■ TASK GOAL:
Go to the line holding "Black Widow Corvette" in the data below and repeat it exactly, then each line after it up to and including the one holding "3 4 5 6 se 7". Omit pictures.

** Opening SUPPLIED MATERIAL block **

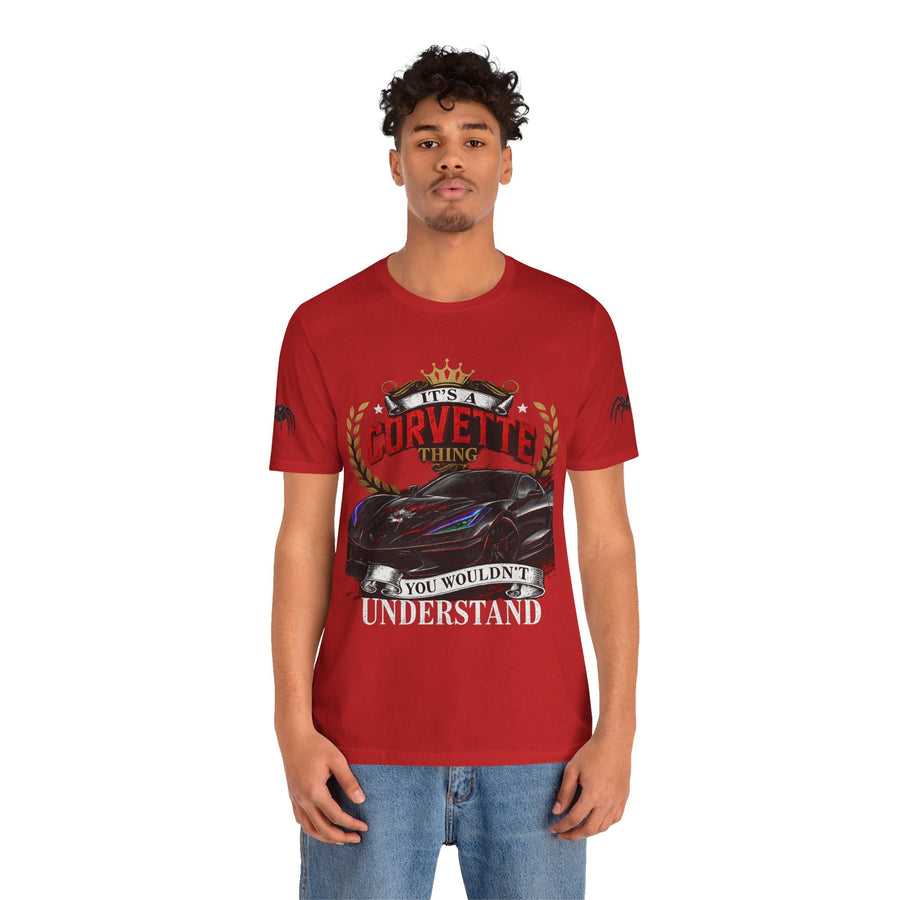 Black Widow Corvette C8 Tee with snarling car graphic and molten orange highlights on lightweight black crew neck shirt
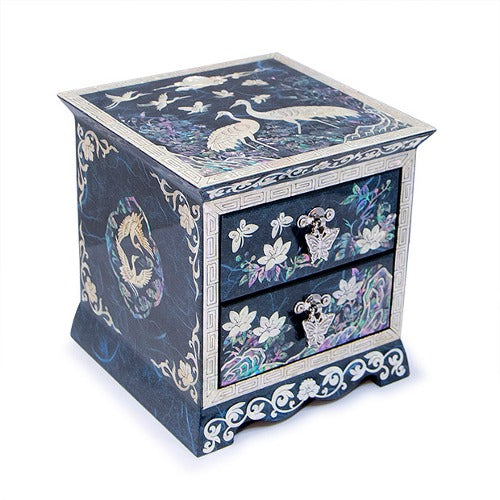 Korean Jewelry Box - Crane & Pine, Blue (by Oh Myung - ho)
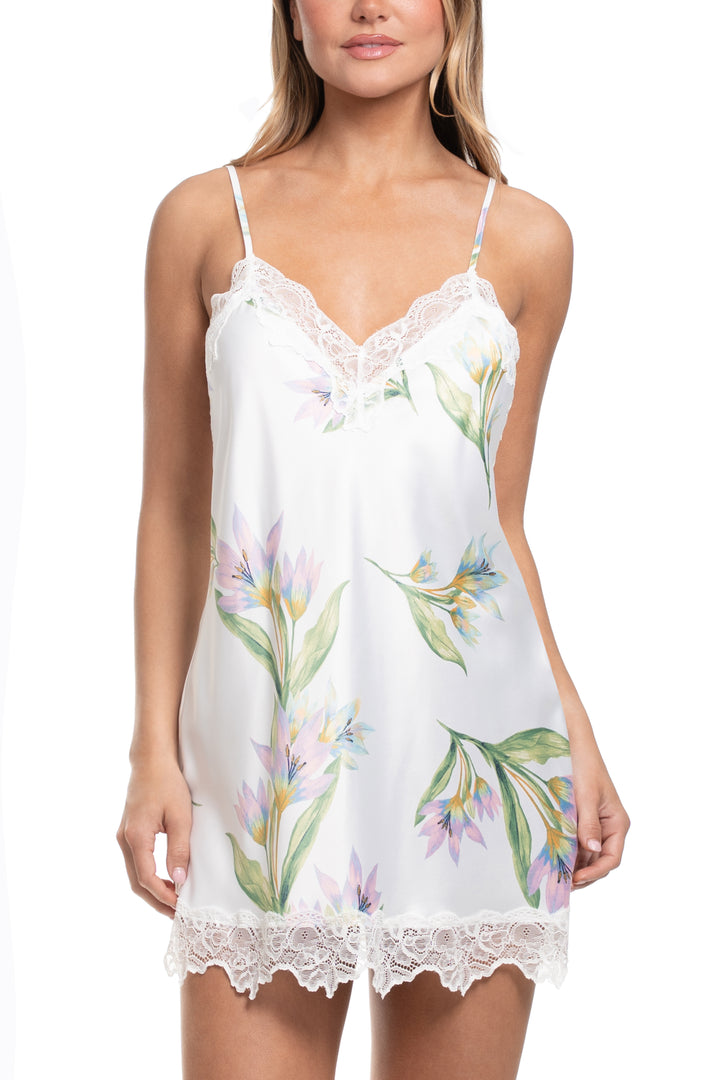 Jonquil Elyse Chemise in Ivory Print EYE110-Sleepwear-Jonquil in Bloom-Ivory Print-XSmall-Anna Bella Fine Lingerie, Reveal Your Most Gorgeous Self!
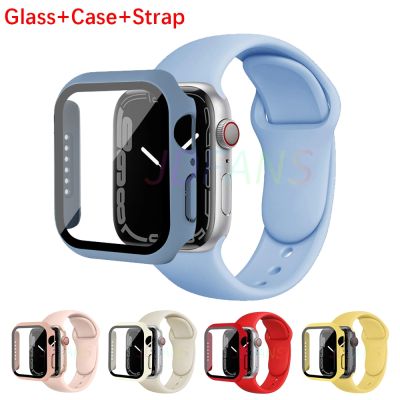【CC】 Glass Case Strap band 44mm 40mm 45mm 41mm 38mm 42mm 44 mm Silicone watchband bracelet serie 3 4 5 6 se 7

** Closing SUPPLIED MATERIAL block **
** Opening SUPPLIED MATERIAL block **

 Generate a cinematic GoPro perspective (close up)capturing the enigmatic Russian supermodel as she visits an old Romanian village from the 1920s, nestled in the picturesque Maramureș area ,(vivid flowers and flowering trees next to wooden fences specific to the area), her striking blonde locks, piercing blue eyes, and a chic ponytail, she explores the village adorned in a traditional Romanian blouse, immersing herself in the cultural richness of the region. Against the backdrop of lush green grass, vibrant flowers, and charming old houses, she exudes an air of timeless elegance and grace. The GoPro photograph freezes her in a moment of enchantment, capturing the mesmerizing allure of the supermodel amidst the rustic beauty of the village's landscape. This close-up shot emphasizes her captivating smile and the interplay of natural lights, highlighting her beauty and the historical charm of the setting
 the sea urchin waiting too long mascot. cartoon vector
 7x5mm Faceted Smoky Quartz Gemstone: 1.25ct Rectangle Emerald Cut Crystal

** Closing SUPPLIED MATERIAL block **

■ TASK OUTPUT:
 Black Widow Corvette C8 Tee with snarling car graphic and molten orange highlights on lightweight black crew neck shirt
 Korean Jewelry Box - Crane & Pine, Blue (by Oh Myung - ho)
 Jonquil Elyse Chemise in Ivory Print EYE110-Sleepwear-Jonquil in Bloom-Ivory Print-XSmall-Anna Bella Fine Lingerie, Reveal Your Most Gorgeous Self!
【CC】 Glass Case Strap band 44mm 40mm 45mm 41mm 38mm 42mm 44 mm Silicone watchband bracelet serie 3 4 5 6 se 7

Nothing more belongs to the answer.